MRI Scanner
San Simeon, CA. 23.4.10
.
"Oooh! You don't want to leave today dearie! Terribly high winds on the way!" warns the landlady as I pack up in Flagstaff.
"Pshaw!" I think. "I've ridden through Patagonia don'cha know. No man's put me down yet!"
.
.
Thirty miles down the road I'm nearly crying with terror. My adrenal glands have gone haywire, and there's nothing you can do to relieve adrenaline at 60mph except scream. It seems far worse than Patagonia: either I've forgotten how bad that was or I'm more sensitive now, having, in the final analysis, been blown into a ditch in Argentina. I pull off the highway at Seligman, the first exit, and attempt to calm down.
.
.
I try not to show the lady who runs the 66 Motel how trembly and weepy I am as I check in (she's about 86 and rides a chopper). Andy Bell's advice rings in my ears. "Above all, remember you're British."
.
.
By chance, I'm just in time to catch the second half of the Arsenal-Barcelona Champions League game, in which our boys pull back a draw from the jaws of ignominy. Splendid work, made all the splendider by the subsequent arrival of Pau and Carme on a rented Harley (they're not spelling mistakes - they're from Barcelona). And they don't know the score! Inevitably, we drink beer, and, less inevitably, end up applauding a Norwegian bloke as he plays some kind of Scandi-didgeridoo. A Scanderidoo. Amazing.
---
.
.
Arizona - while good in many, many ways - has a relatively high proportion of Mouthy Racist Idiots. One of them attempts to strike up a chat at the gas station in Seligman, using a sort of pun/metaphor based on the name of my bike - an Africa Twin - and the notion of Barack Obama's "brother". I can't - or won't - recall the exact details, but even if he hadn't been a fucking moron, the "joke" alone would have warranted the flat-eyed stare I offered him in response.

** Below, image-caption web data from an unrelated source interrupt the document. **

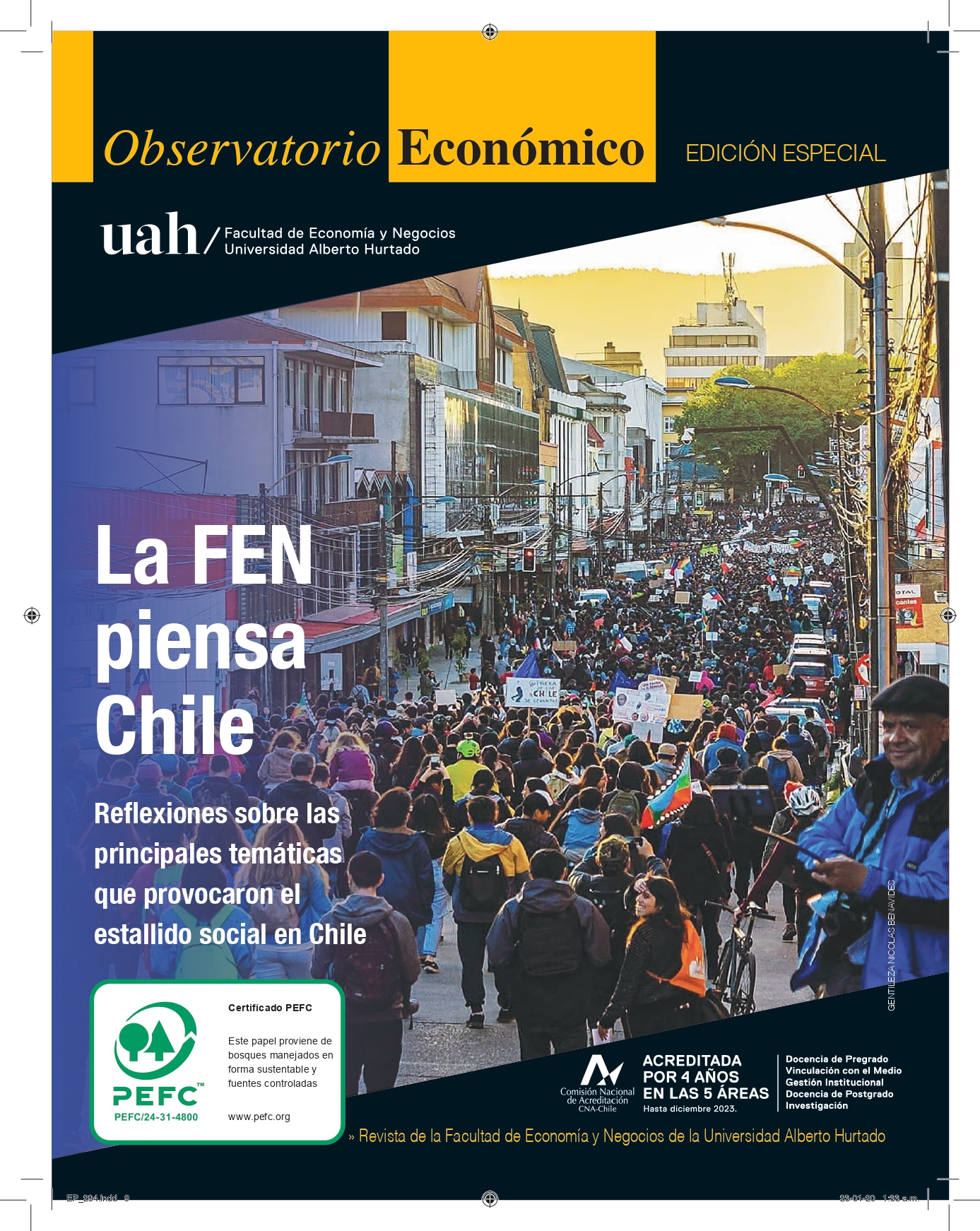 Título del número de la revista : "La FEN piensa Chile : Reflexiones sobre las principales temáticas que provocaron el estallido social en Chile"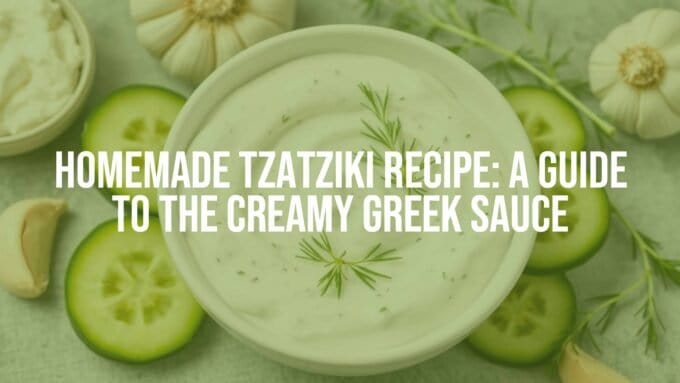 Creamy tzatziki sauce in a white bowl, fresh cucumber slices, dill garnish, Greek yogurt, garlic cloves nearby, Mediterranean vibe, bright and fresh.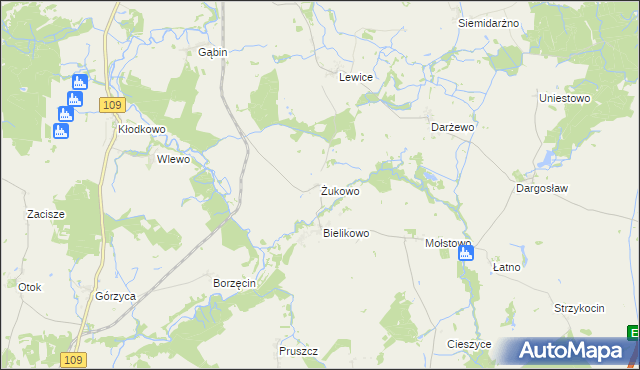 mapa Żukowo gmina Brojce, Żukowo gmina Brojce na mapie Targeo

(The State of Arizona has just passed a law making it illegal to be Mexican or something - fact.)
---
.
Thanks David Wood - random fella on an F800 - for the pic
.
I'm not expecting a whole lot of sympathy for this next bit, but here goes anyway. You know when you go on holiday for two weeks, and the second week goes by much more quickly than the first? Well, I'm finding that if you go on holiday for 20 months, the last four months zip by at a quite horrifying lick.
Secondly, the last day or two of a two-weeker are generally infused with a spiralling sense of dread about going back to work. A 20 month holiday has that as well, but it seems to begin in the penultimate country of the holiday; in this case, America. These feelings are heightened, for me, by two quite important factors:
1) If you start counting from when I went to Africa, I've actually been on holiday for six years.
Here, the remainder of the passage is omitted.